Q16 (Length scaling):
Problem: Wire A has resistance 1 Ω. Wire B is made from same material and area but twice the length. Find resistance of B.
- R ∝ L, so R_B = 2 × R_A = 2 × 1 Ω = 2 Ω.
- Answer: 2 Ω.
Q17 (Area scaling):
Problem: A wire length L has resistance R. If its cross-sectional area is doubled (same length/material), what is new resistance?
- R = ρL/A → doubling A halves R. So R_new = R/2.
- Answer: R/2.
Q18 (Combined problem):
Problem: A 12 V battery is connected to two resistors 3 Ω and 6 Ω in parallel.
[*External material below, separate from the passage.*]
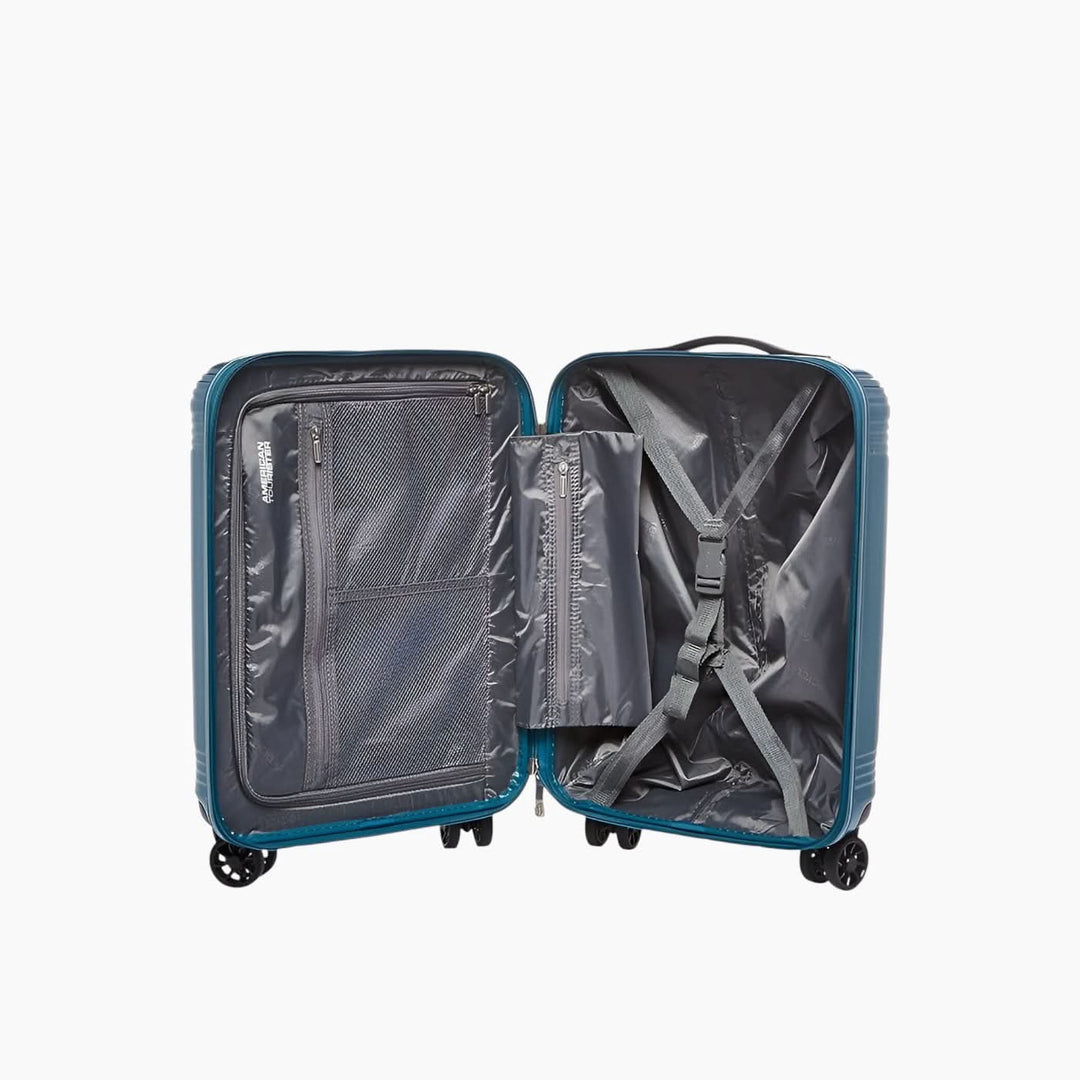 American Tourister Trigard Suitcase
Find total current drawn and power dissipated in each resistor.
- Voltage across each = 12 V. Currents: I3 = 12/3 = 4 A; I6 = 12/6 = 2 A.
- Total current = 4 + 2 = 6 A.
- Power: P3 = V×I3 = 12×4 = 48 W; P6 = 12×2 = 24 W.
- Answer: I_total = 6 A; P3 = 48 W, P6 = 24 W.
Q19 (Short-circuit estimation):
Problem: A battery of emf 9 V and internal resistance 0.1 Ω is shorted (external R≈0). Estimate the short-circuit current.
- Short-circuit current I ≈ E / r = 9 / 0.1 = 90 A.
- Answer: ≈ 90 A (dangerously large).
Q20 (Design & divider):
Problem: Design a voltage divider from 12 V to get 5 V using two resistors R1 (top) and R2 (bottom) in series. Choose standard values with R_total ≈ 10 kΩ.
- We need V_out = 5 V = 12 × R2/(R1+R2) → R2/(R1+R2) = 5/12 ≈ 0.4167.
- So ratio R1:R2 = (1 − 0.4167):0.4167 = 0.5833:0.4167 ≈ 1.4 : 1 → R1 ≈ 1.4 R2.
- If R_total = 10 kΩ, choose R2 = 10k × 0.4167 ≈ 4167 Ω ≈ use standard 4.3 kΩ (or 4.7 kΩ with small error). Then R1 ≈ 10k − 4.3k = 5.7 kΩ (use 5.6 kΩ standard).
- Check V_out ≈ 12 × 4.3/(5.7+4.3)=12×4.3/10≈5.16 V (close). Using 4.7 kΩ & 5.3 kΩ produces slightly different voltage; pick pair 5.6 kΩ & 4.3 kΩ for V_out≈5.16 V.
- Answer: Choose R1 ≈ 5.6 kΩ and R2 ≈ 4.3 kΩ (R_total ≈ 9.9 kΩ) giving V_out ≈ 5.16 V (close to 5 V).